Plusieurs caractéristiques rendent le financement des garderies distinct :
Structure des revenus : Les revenus proviennent d’une combinaison de frais parentaux, de subventions provinciales de frais, et de subventions d’exploitation fédérales/provinciales. Chacune a différentes exigences de fiabilité et de documentation.
Dépendance au permis d’exploitation : La valeur de la propriété en tant que établissement de garde d’enfants dépend entièrement du maintien du permis d’exploitation provincial. La perte du permis détruit effectivement la valeur commerciale de l’entreprise.
Contraintes de zonage : Pas toutes les propriétés commerciales peuvent être utilisées pour la garde d’enfants. Le zonage doit spécifiquement permettre l’usage de garderie ou de centre de garde, et la propriété doit respecter les exigences physiques d’espace de jeu extérieur, de stationnement, de sécurité incendie, et d’accessibilité.

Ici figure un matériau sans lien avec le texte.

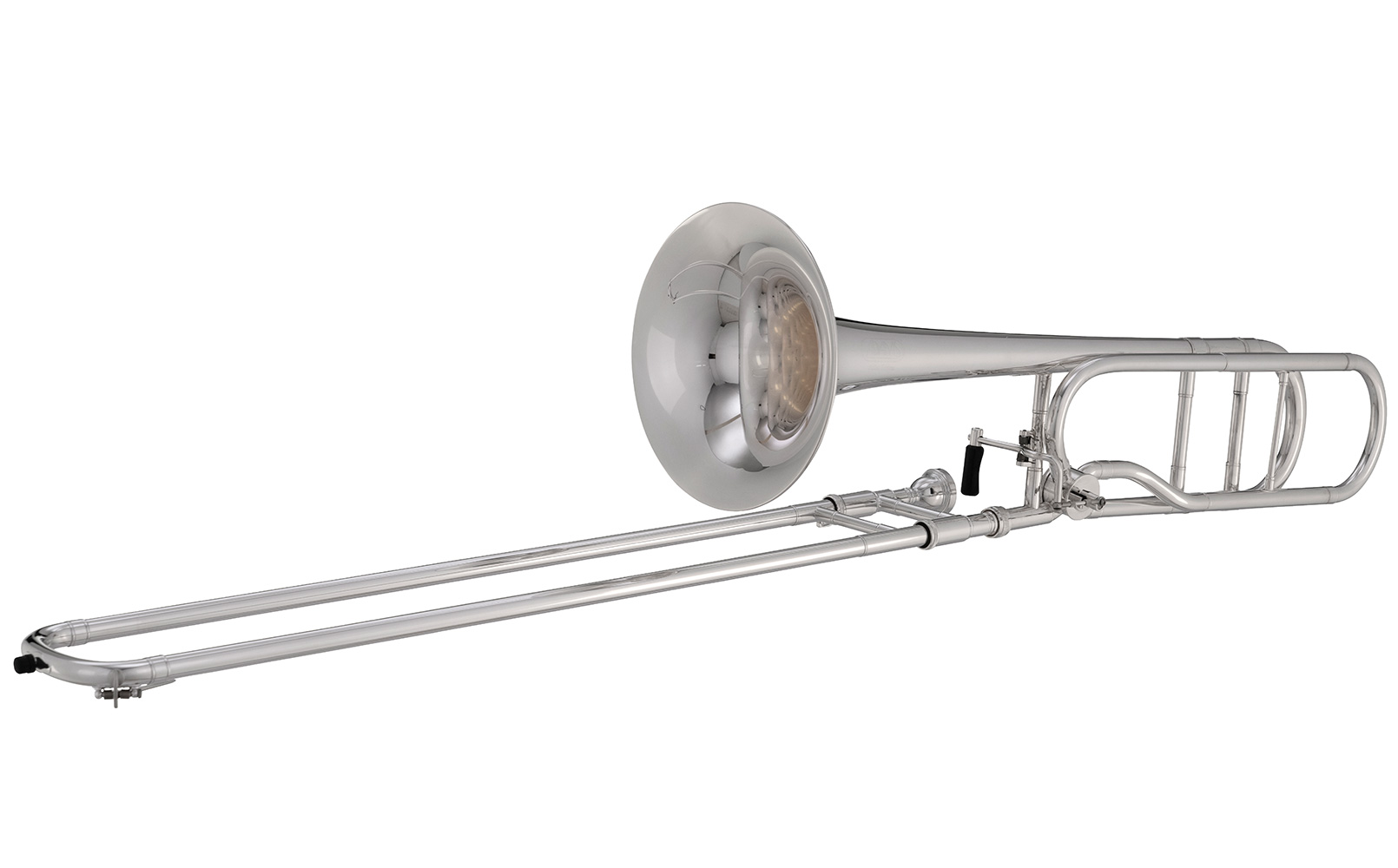 Artist Series AT54FS Trombone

Conformité réglementaire : Les réglementations provinciales régissent tout, des ratios personnel-enfants à la superficie par enfant aux exigences de cuisine. Ces réglementations ont un impact direct sur les coûts d’exploitation et la capacité.
Ventes comparables limitées : Les garderies ne se négocient pas fréquemment dans la plupart des marchés, ce qui rend les approches d’évaluation traditionnelles (comparaison des ventes) difficiles.
Comprendre ces nuances est essentiel pour structurer une demande de financement qu’un prêteur approuvera.
Revenus de subventions gouvernementales et comment les prêteurs les traitent
Les subventions gouvernementales sont l’épine dorsale des revenus des garderies, et la façon dont les prêteurs évaluent ce revenu détermine si votre demande de financement réussira.
Types de financement gouvernemental pour la garde d’enfants
Subventions réductrices de frais (système national de services de garde et d’apprentissage précoce au Canada) : En vertu du programme de garde d’enfants à 10 $ par jour en cours de déploiement dans les provinces, le gouvernement fédéral fournit un financement qui réduit les frais parentaux à un objectif de 10 $ par jour par enfant. La subvention est versée directement à l’exploitant de la garderie, remplaçant la portion des frais que les parents payaient auparavant. Cela représente un flux de revenus substantiel et fiable soutenu par l’engagement fédéral.
Subventions provinciales de frais : La plupart des provinces exploitent des programmes qui subventionnent les frais de garde d’enfants pour les familles en dessous de certains seuils de revenu. Les subventions sont versées directement à l’exploitant de la garderie au nom des familles admissibles. Le pourcentage de familles recevant des subventions varie selon le lieu et le programme mais peut représenter 30-70 % du total des revenus de frais d’un centre.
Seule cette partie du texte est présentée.